I have a database saved in excel, and when I bring it into R there are many columns that should be numeric, but they get listed as characters. I know that in read_excel I can specify each column format using the col_types = "numeric", but I have > 500 columns, so this gets a bit tedious.
Any suggestions on how to do this either when importing with read_excel, or after with dplyr or something similar?

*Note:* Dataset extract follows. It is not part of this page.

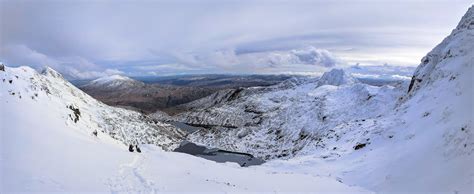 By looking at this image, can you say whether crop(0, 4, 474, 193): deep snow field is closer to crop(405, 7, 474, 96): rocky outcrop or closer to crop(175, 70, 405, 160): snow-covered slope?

I can do this 1 by 1 using a function that I wrote but it still requires writing out each column name
convert_column <- function(data, col_name) {
new_col_name <- paste0(col_name)
data %>% mutate(!!new_col_name := as.numeric(!!sym(col_name)))
}
convert_column("gFat_OVX") %>%
convert_column("gLean_OVX")%>%
convert_column("pFat_OVX") %>%
convert_column("pLean_OVX")
I would ideally like to say "if a column contains the text "Fat" or "Lean" in the header, then convert to numeric", but I'm open to suggestions.
select(df, contains("Fat" | "Lean"))
I'm not sure how to make an example that allows people to test this out, given that we're starting with an excel sheet here.
dplyr::mutate
and across
may be a solution after reading in the data.
Something like this, where df1
is your data frame from read_excel
:
library(dplyr)
df1 <- df1 %>%
mutate(across(contains(c("Fat", "Lean")), ~as.numeric(.x)))